David E. Pawlik, a partner in Creative Structures Services of Buffalo, wants to turn the vacant 6,300-square-foot property at 1659 Amherst St. into a five-unit apartment house.
Tom Breen and Steven Fabian, college professors who live in the city's Allentown neighborhood, want to use the city-owned structure as their home and to take on the extensive renovation project themselves.
Pawlik won't move ahead with his plans if the city designates the shuttered property a local landmark because, he said, it would increase the amount of red tape and would likely delay his plans to begin the renovation by August. Breen and Fabian would welcome the landmark designation status, but they said it was not vital to their plans.

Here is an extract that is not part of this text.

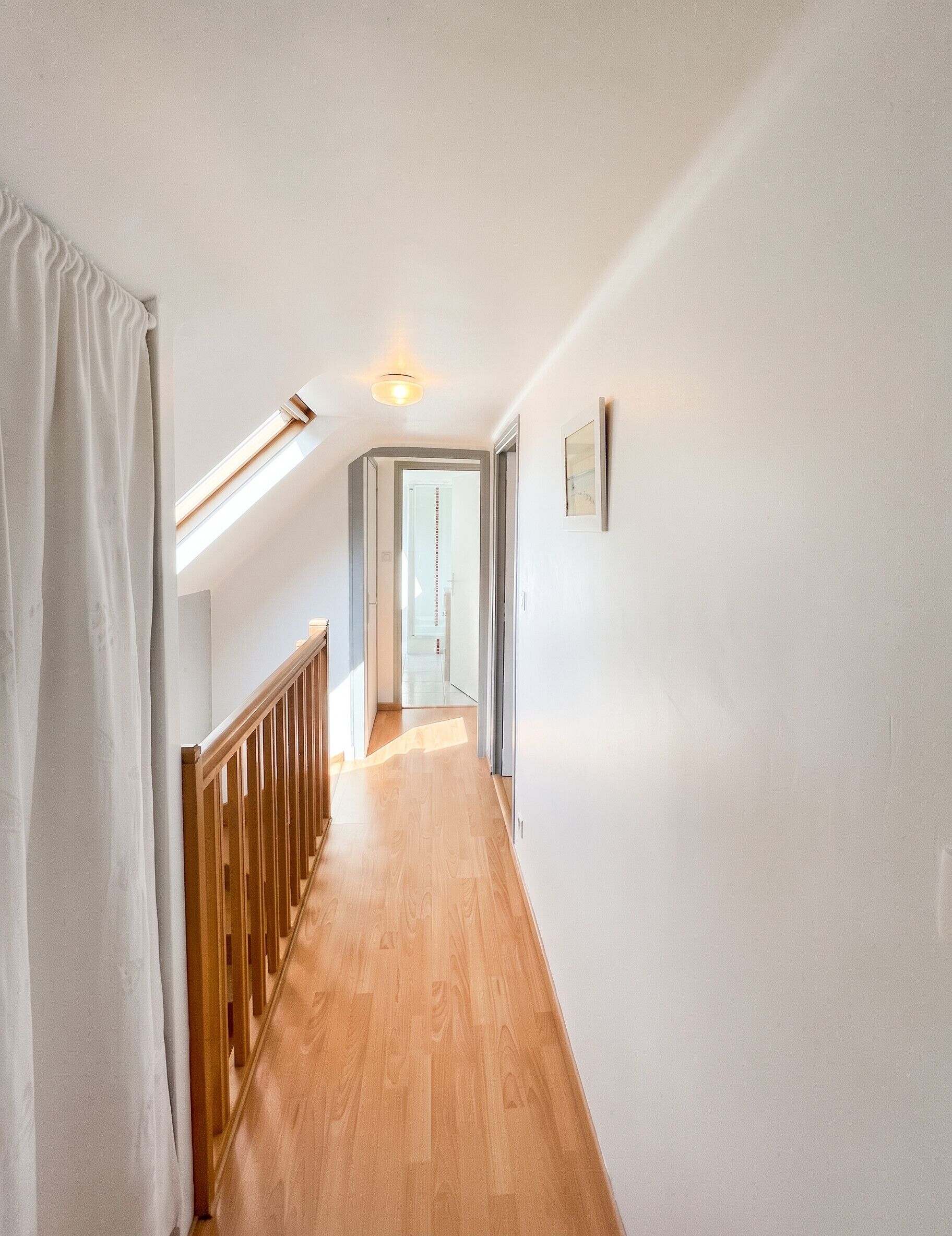 Un corridoio con pavimento in legno, pareti bianche, ringhiera in legno e una lampada a soffitto.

That left members of the Parkside Community Association and other neighborhood residents attending the meeting called by Masten Council Member Demone Smith in a quandary as to whether Pawlik would respect the architectural integrity of the building or whether the college professors had the resources to tackle the renovation themselves.

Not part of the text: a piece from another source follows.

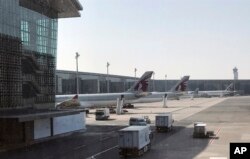 Qatar Airways planes are seen parked at the Hamad International Airport in Doha, Qatar, June 16, 2017.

Paul MacDonald, chairman of the Buffalo Preservation Board, who, along with board member Tim Tielman, attended Wednesday's meeting, said the fact that the 115-year-old building was designed by two of Buffalo's most prolific and renowned architects, E.B. Green and William Wicks, earned it landmark status.
"One of the things that landmarking does is it makes sure that the historic fabric of the building is maintained. Therefore, historic [features], like the shingles, the clapboard, the wood windows are really restored," MacDonald said.
Pawlik's plans for the property, which he would call Fairfield Commons, would cost an estimated $800,000, while Breen and Fabian estimated their self-funded plan to stabilize and restore the building to habitability would cost about $40,000.
Some of the 45 people attending Wednesday's meeting expressed skepticism that the college professors could take on the asbestos removal, a new roof and other rehabilitative work for such a low cost.
"It's nice to be able to come up with a concept, but if you can't follow up with that concept [because] you don't have the deliverable goods, then, you know what? It's just a pie in the sky," Pawlik said.
Breen, who is an assistant professor in the department of interior design at Buffalo State College, said he brings construction and design experience to the proposed project.